Manifesta, sem alarde, que muitos tratamentos levam a consumir os bens das
pessoas sem resultado e a beneficiar quem assume o encargo de os fazer
convenientemente. Denuncia, sem o dizer, as situações desumanas que ocorrem
nesta área tão sensível de uma sociedade humanizada que quer garantir o serviço
de saúde a todos/as.
A mulher manifesta o valor da saúde
integral: a do físico e emocional, a da mente e relacional, a do ambiente e
espiritual. Saúde integral que se enraiza numa correcta compreensão do corpo
humano.
O Papa Francisco, ao falar, no dia 25 de
Junho de 2018, na «Academia para a Vida» lembra a “sabedoria que deve inspirar
a nossa atitude” chamada a considerar a qualidade ética e espiritual da vida em
todas as suas fases. E designa esta atitude por “ecologia humana”. E prossegue
referindo-se ao nosso corpo “que nos situa numa relação directa com o ambiente
e com os outros seres vivos. A aceitação do próproo corpo como dom de Deus é
necessária para acolher e aceitar o mundo inteiro como dom do Pai e casa comum,
enquanto uma lógica de domínio sobre o próprio corpo se transforma numa lógica,
às vezes subtil, de domínio sobre a criação”. E, em jeito de conclusão, o Papa
adianta: “Aprender a receber o próprio corpo, a cuidar dele, e a respeitar os
seus significados, é essencial para uma verdeira ecologia humana. Também a
valoração do próprio corpo na sua femineidade ou masculinidade é necessária para
se reconhecer a si mesmo no encontro com o diferente”( Laudate Si, nº 155).

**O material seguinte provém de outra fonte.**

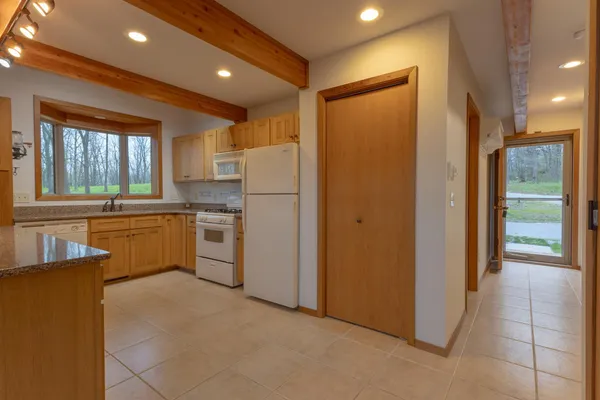 $675,000 | 12994 385th Avenue, Mabel, MN 55954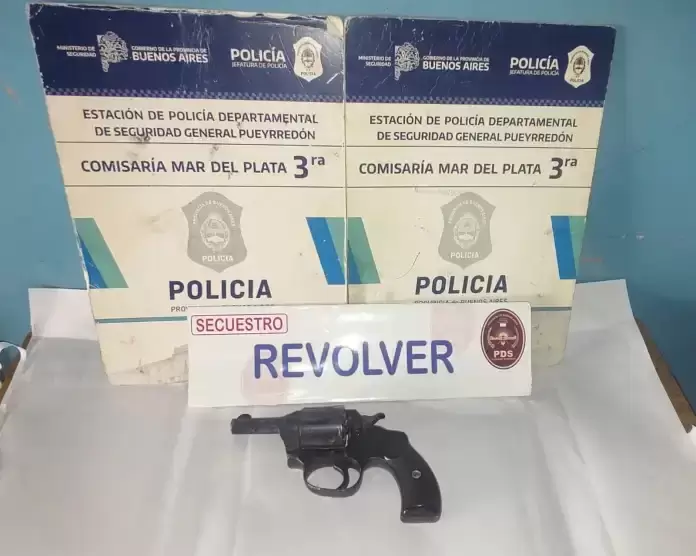 Revolver.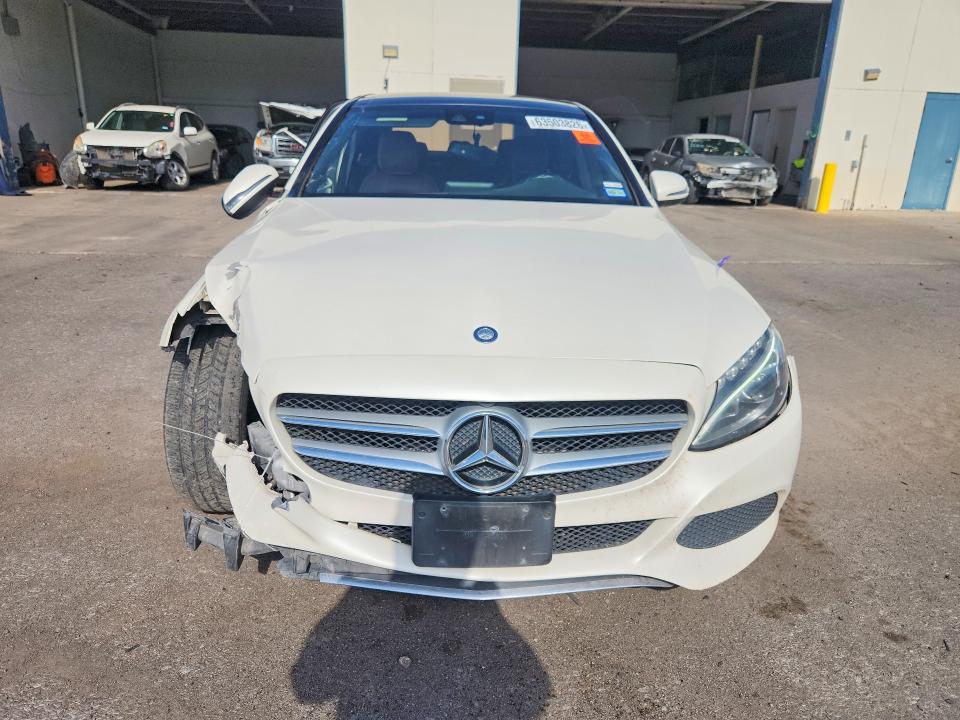 Продажа на аукционе авто 2017 Mercedes-benz C, vin: 55SWF4JB7HU196370, номер лота: 63503826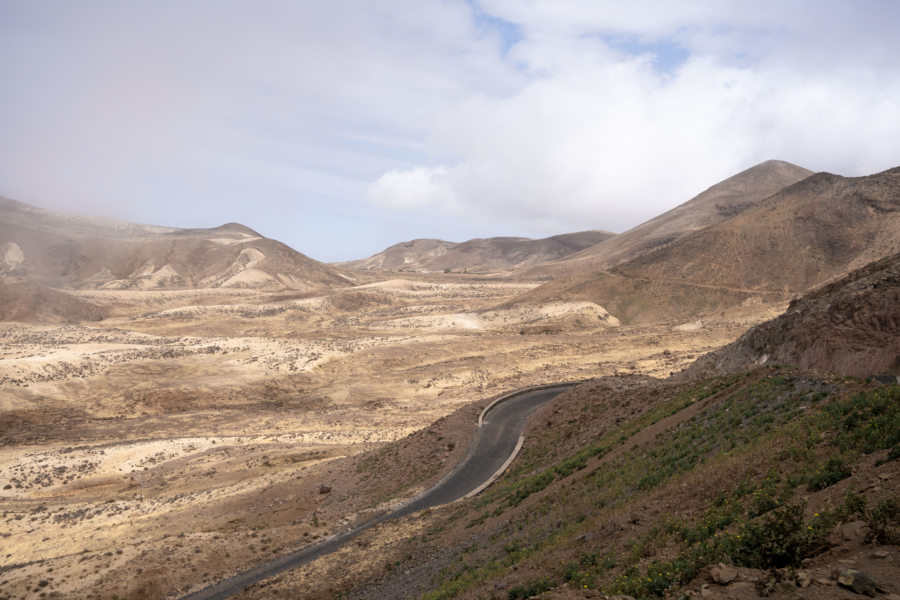 Paysage de montagne sur la route vers Tarrafal à Santo Antao au Cap-Vert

A mulher provoca o silêncio dos
acompanhantes de Jesus. Tal o inusitado. Silêncio que é indiciador do que havia
surgido: um novo olhar sobre a mulher, o corpo humano e sua condição sexuada,
sobre a pessoa como indivíduo aberta à relação de reciprocidade masculina e
feminina; um novo olhar sobre a sociedade de seres humanos iguais em dignidade,
diferentes em capacidades e complementares no desempenho de funções; um novo
olhar que emerge do olhar de Jesus que vê a multidão que o rodeia e aperta,
identifica a mulher que o tocou e, assustada, vem dizer-lhe a verdade do que
havia acontecido.
A mulher empreende a sua ousadia, após
dialogar com a sua consciência, de fazer o balanço entre a necessidade e o
risco, entre a dor da inibição e a alegria da exposição, da previsível
satisfação. Grande atitude: a cautela e a ponderação dão as mãos e aconselham a
melhor opção. Avançou e acertou. E recebeu de Jesus o reconhecimento público da
sua ousadia: “Minha filha, a tua fé te salvou”.
Marcos, o narrador, não indica nada sobre
o que teriam dito os discípulos, os amigos de Jairo, os outros acompanhantes. O
relato deixa em aberto essa atitude para as gerações seguintes poderem parar,
saborear, quebrar barreiras, mergulhar na bondade de Jesus que, prossegue,
incansavelmente nos caminhos da missão, a testemunhar um rosto diferente do
nosso Deus que se espelha no cuidado integral do corpo humano. Prossegue também
por meio de nós, como cidadãos cristãos, na Igreja e na sociedade.